Landowners needed for Hunting Access Program | Michigan Farm News

Landowners needed for Hunting Access Program

Category: People, Livestock

by Monique Ferris, MDNR; MI Farm News

Doe in Field_MFN_2018
The DNR wants you to help fight deer diseases like Chronic Wasting Disease (CWD) and Bovine Tuberculosis (bTB) by opening your private property to hunters in 2018.

The Michigan Department of Natural Resource’s (DNR) Hunting Access Program (HAP) is accepting applications for the HAP program in the northern Lower Peninsula and five counties in the southern Lower Peninsula. Landowners should have at least 40 acres of land with some wildlife habitat such as forest or brush to apply.

Michigan is home to one of the nation’s largest and longest-running dedicated private land public access programs. Since 1977, HAP has ensured landowners make the most of their property by allowing hunters to access private land for hunting.

HAP eligible counties in the northern Lower Peninsula include: Alcona, Alpena, Iosco, Montmorency, Ogemaw, Oscoda, Otsego, Cheboygan, Emmet, Charlevoix, Antrim, Leelanau and Presque Isle. If you live in Alcona, Alpena, Montmorency or Oscoda TB region, there are additional incentives for enrollment.

The five eligible HAP counties in the southern Lower Peninsula include: Ionia, Kent, Montcalm, Newaygo and Mecosta.

Michigan Farm Bureau (MFB) encourages county Farm Bureau members to consider participation in HAP, which is in line with the organization’s policy that supports programs and methods that help control problem species.

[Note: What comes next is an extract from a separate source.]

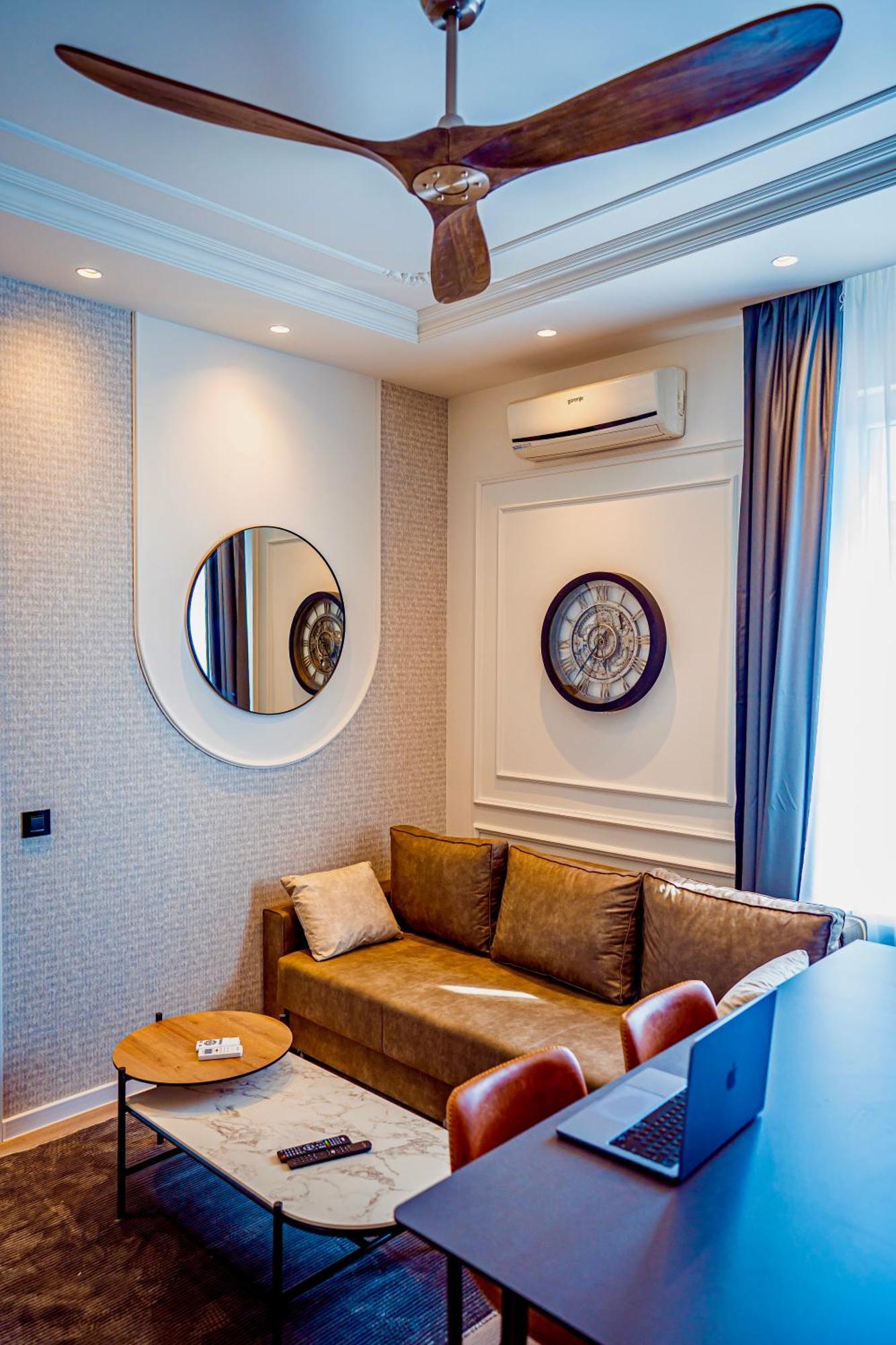Miha Premium Apartment Belgrad Exteriör bild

“Hunting is the primary tool for managing a healthy wildlife population,” said MFB Legislative Counsel Andrew Vermeesch. “The Hunter Access Program provides landowners with multiple incentives in return for allowing public hunting access on private land resulting in a win-win for both the landowners and hunters while targeting management goals in a specific area. In other words, this program a great example of a partnership between the State of Michigan, landowners and hunters to address wildlife challenges whether its limiting disease transmission or addressing issues caused by overpopulation.”

Call 517-284-4741 today to learn what you could earn on your land. Enrollment remains open through September 30.

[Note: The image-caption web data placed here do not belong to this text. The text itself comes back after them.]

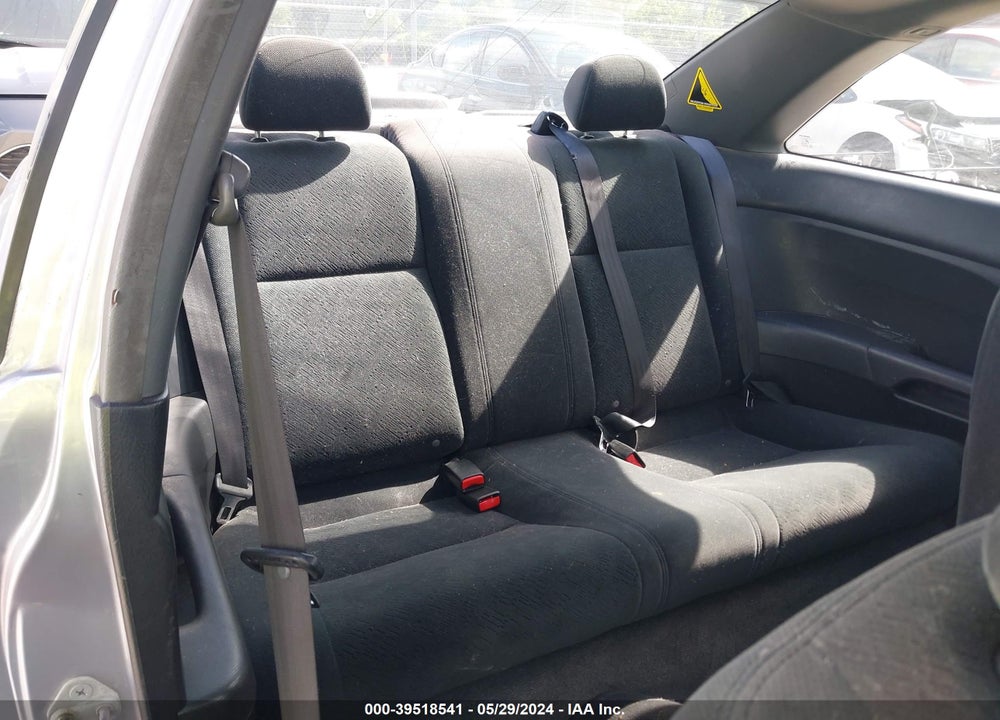 2004 HONDA CIVIC VIN: 1HGEM22904L075112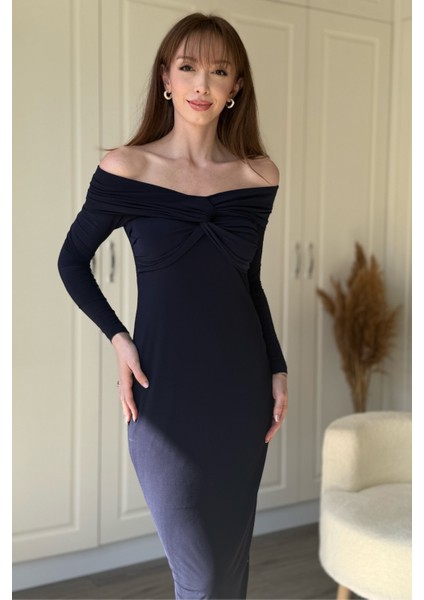 Omuz Detaylı Vücudu Saran Midi Lacivert Elbise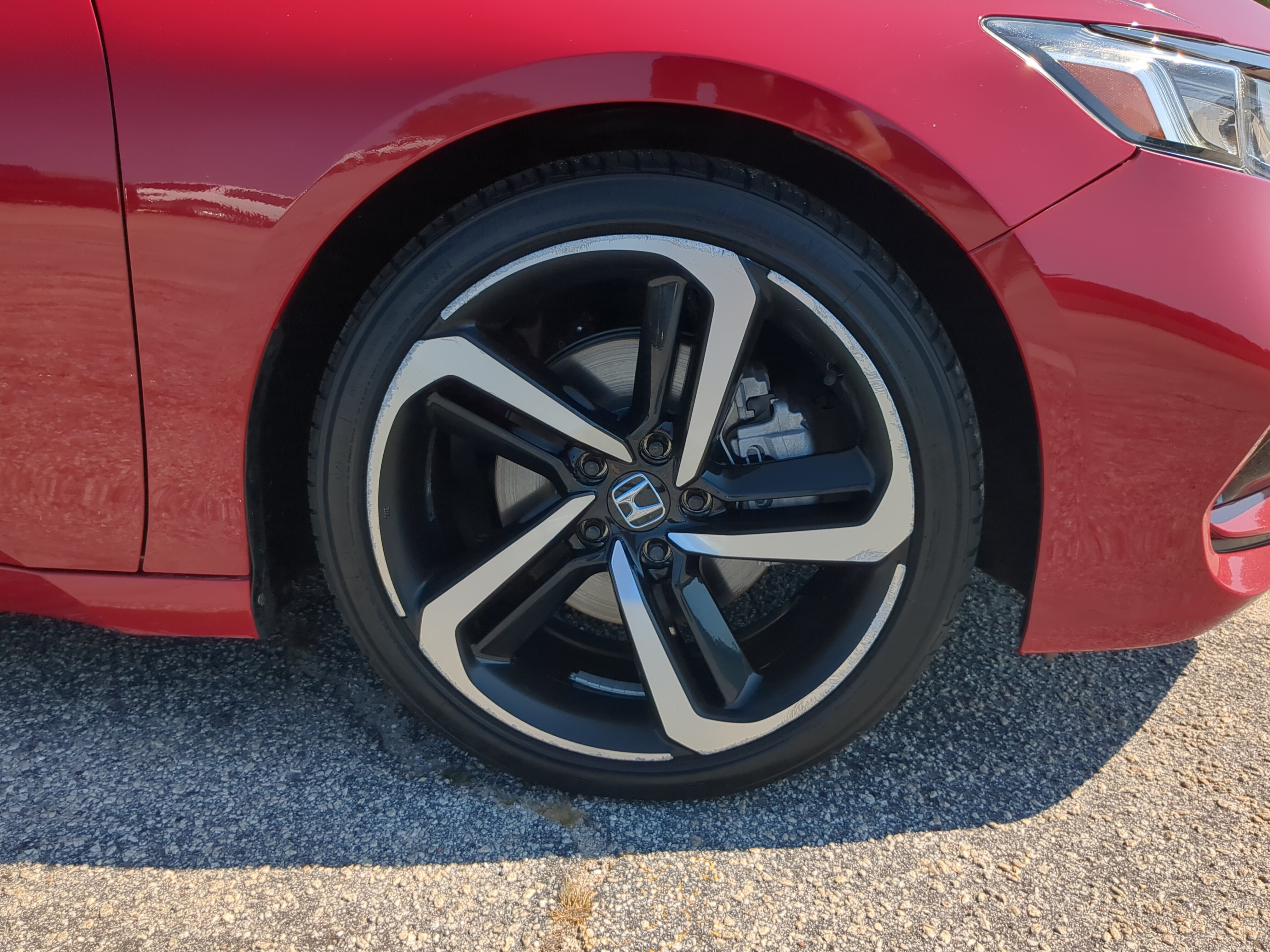 Used 2018 Honda Accord Sport image 9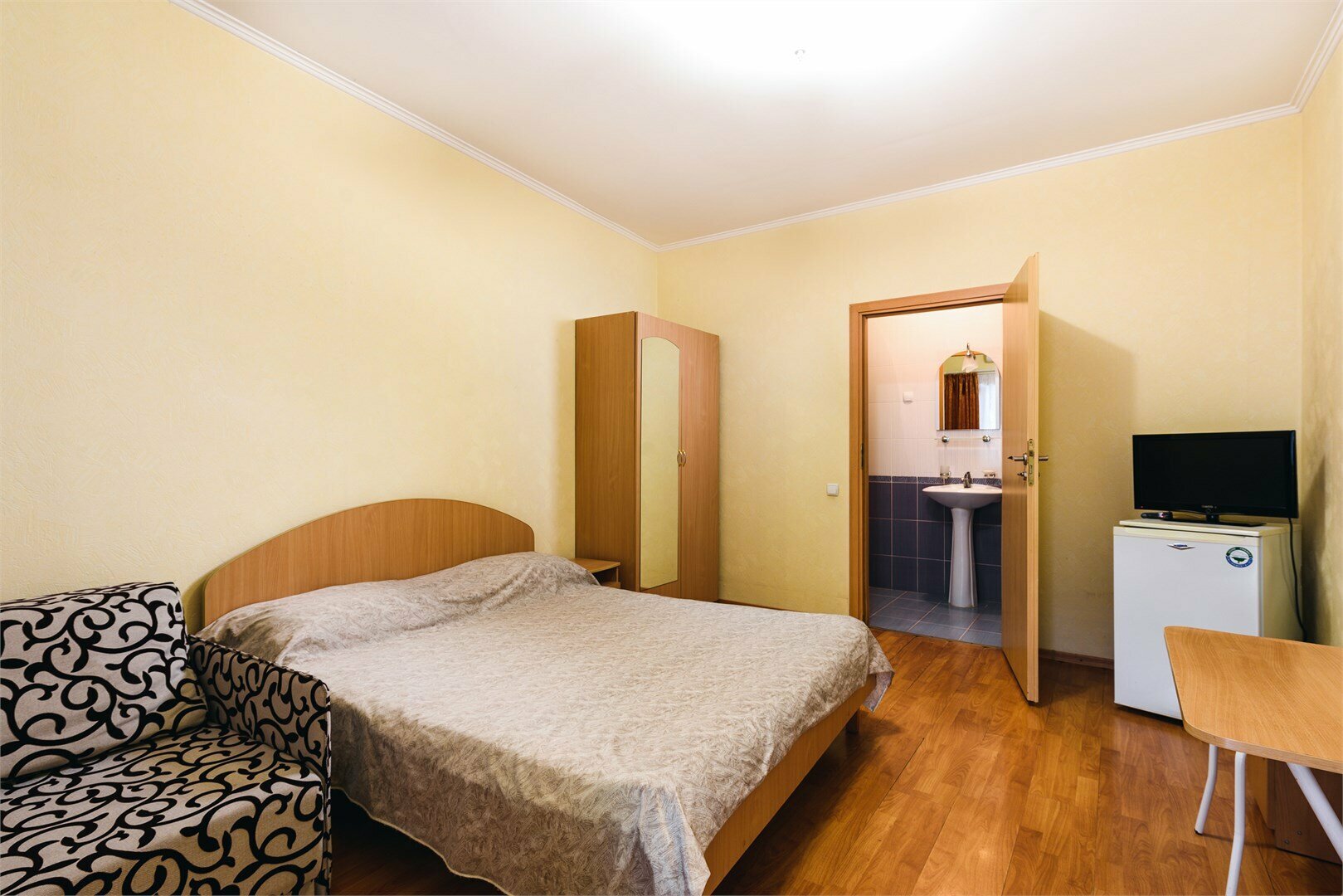 Двухместный номер с 1 кроватью — цокольный этаж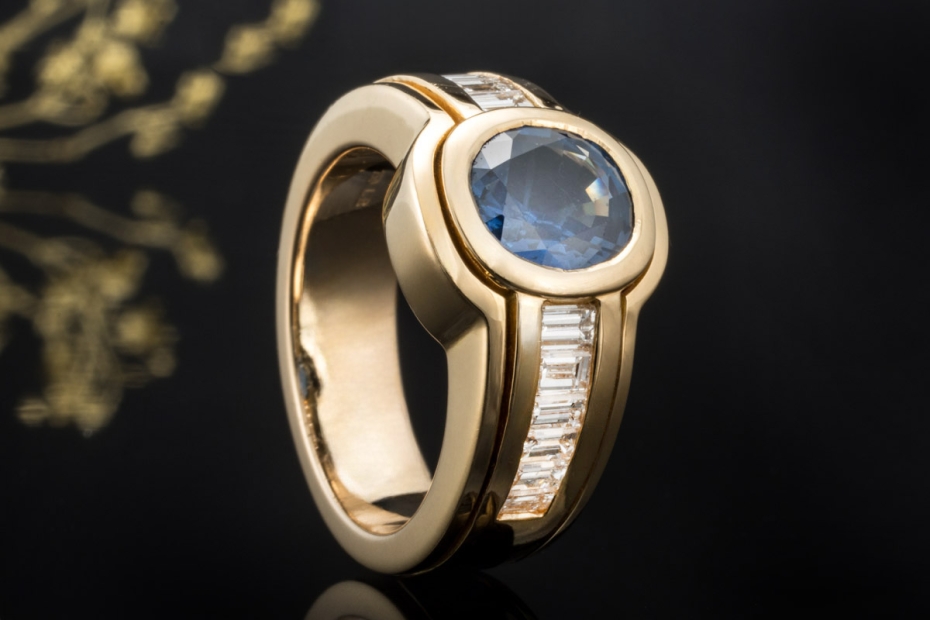 Saphir Ring mit Baguette Diamanten massiv gefertigt in 750er Gelbgold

Some benefits to the landowner include:

  • An annual payment based on acres of land enrolled, type of land cover, and type of hunting you choose to allow.
  • Promoting and supporting Michigan’s rich hunting heritage
  • Better management of wildlife on your property
  • Liability for the landowner through Public Act 451 if enrolled in HAP.
  • Flexible options of hunting types allowed on your property, a maximum number of hunters on the property at a time, as well as the option to allow youth and apprentice hunting exclusively

“You can help improve wildlife population management, support the local economy, reduce wildlife conflicts, and get paid to do it,” said the program’s coordinator, Monique Ferris.

There are no extra costs for hunters to use HAP lands, but they are responsible for reviewing information for the land they plan to hunt (available online), checking in at the property before each day of hunting, and respecting the landowners’ private property.